The singer Susan Anway died in early September. She had sung with a number of bands since the 1980s, including The Magnetic Fields, who announced her passing on September 9th.
Anway sang lead vocals on The Magnetic Fields’ first two records, The Wayward Bus & Distant Plastic Trees. “Susan Anway sings Stephin Merritt songs” went the credits on the sleeve; it was just the pair of them in the band back then. “She was a lovely person and will be missed by all of us”, wrote The Magnets last week on social media, alongside a video of the Wayward Bus song ‘Dancing In Your Eyes’: “When we walk hand in hand in the rain / When we’re young and in love once again / We will dance in the autumn with the leaves in our hair / When I look, I’ll be dancing in your eyes”.
I remember, or I think I remember, Merritt saying in the 90s that he asked Susan Anway to be The Magnetic Fields’ singer because her voice did not have too much personality.

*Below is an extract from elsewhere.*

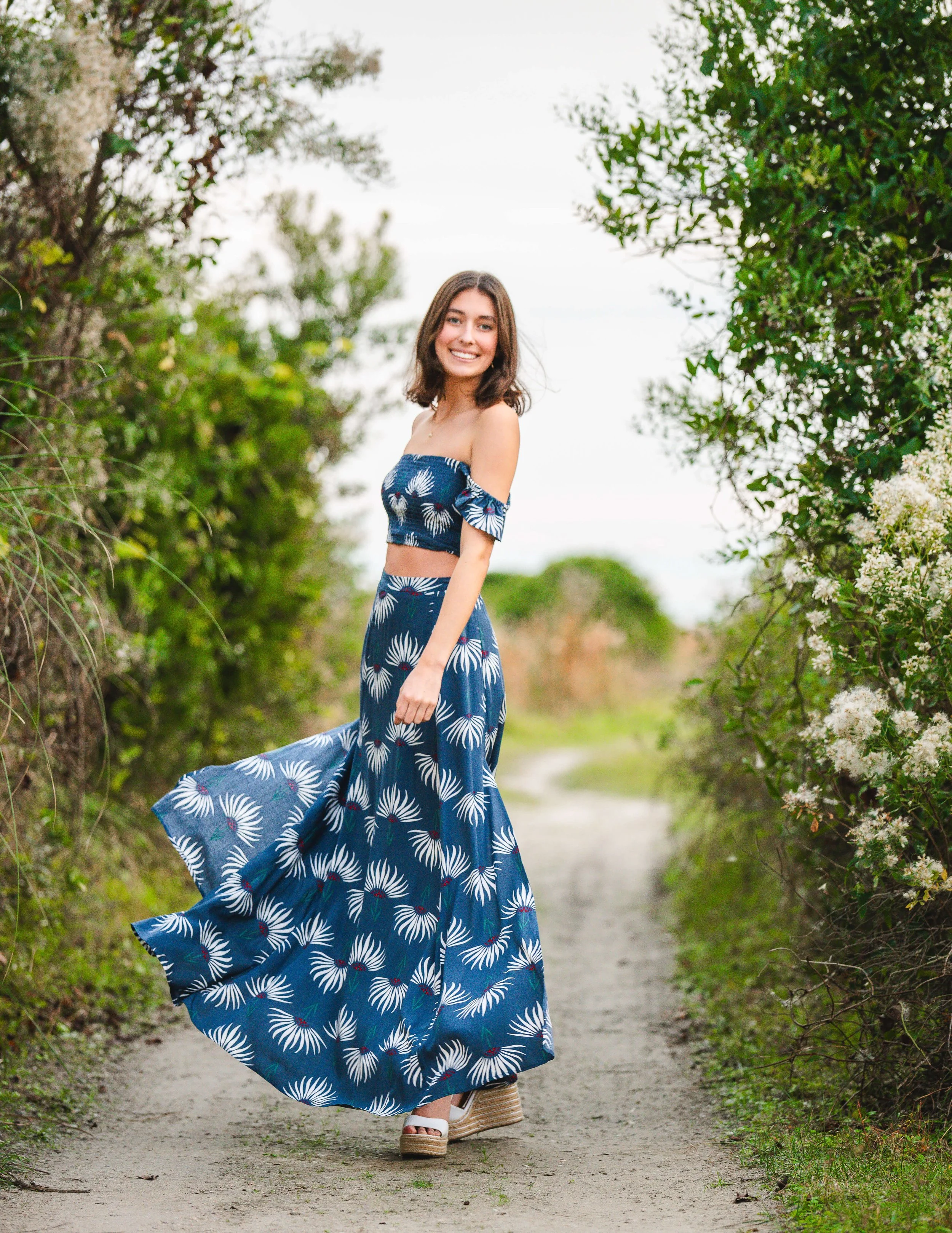 girl with flowy skirt playful pose at IOP beach path in SC for senior photos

I understood that he meant that a voice with more personality, even his own lugubrious baritone, might distract from the song. Anway’s clear, composed voice read the melody line and delivered the words: job done, no distractions. And I can not swear that Merritt said this and if he did so he may have been joking. But the thought of that quote has left me thinking about Susan Anway’s contribution to those records.

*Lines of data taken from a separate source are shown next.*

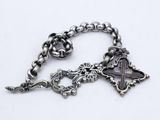 a close up of a silver bracelet with a cross on it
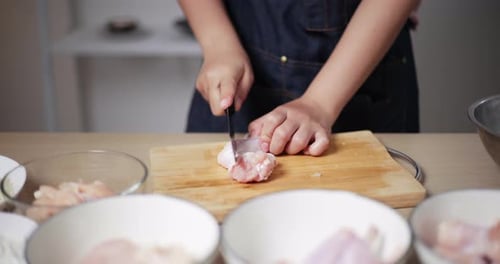Nahaufnahme der Hände einer jungen Asiatin, in Streifen geschnittene Hühnerflügel, die sich darauf vorbereiten, auf dem Tisch zu kochen.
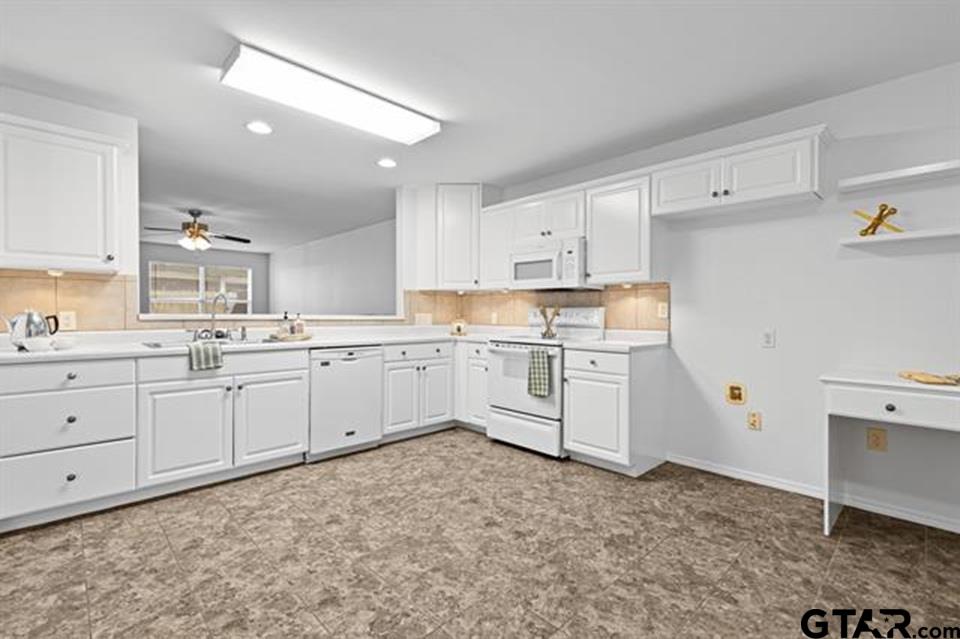 1807 Paverstone Lane Longview, TX 75605 - Photo 11 of 37 a kitchen with white cabinets and white appliances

In those days Merritt’s songs were too much. His arrangements were kitchen-sink synth-pop Spector, ornate and wired and sweepingly melodramatic. His lyrics scaled scarcely credible heights of emotional enormity. ‘100,000 Fireflies’ opens:“I have a mandolin / I play it all night long / It makes me want to kill myself”. (Excuse me?) In ‘Summer Lies’, Anway sings: “All the sweetest things you said and I believed were summer lies / Hanging in the willow trees like the dead were summer lies / I’ll never fall in love again”. It wasn’t enough for the story in an early Magnetic Fields song to be sad, it had to be ‘The Saddest Story Ever Told’: “Once upon a time we fell in love or at least that’s what you said / You say I can find someone else but I just wish I was dead… And then we’ll quietly grow old / The saddest story ever told”.

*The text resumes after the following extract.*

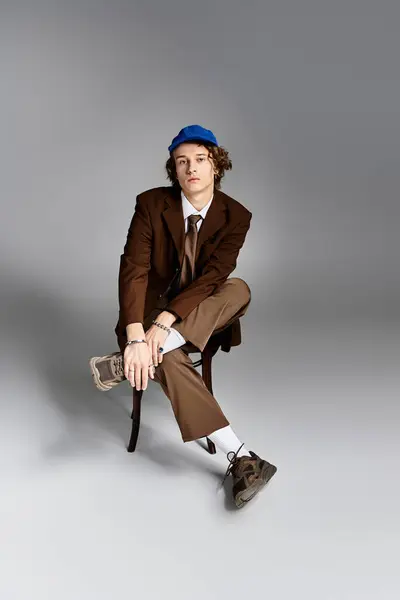 A confident young man sits elegantly on a chair, dressed in a brown suit and blue baseball cap, exuding charm. — Stock Photo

Susan Anway’s job here was to ground these songs; to steady them in such a way that they hit home. Merritt’s huge arrangements veered close enough to Spector that it could have been emotionally distancing – was this a PhD in pastiche or a heartfelt set of songs? Even Merritt’s depictions of extreme woe could have been alienatingly arch, more than the songs could withstand, but Susan Anway sang his aching words so earnestly, so free from any taint of irony, that every line landed.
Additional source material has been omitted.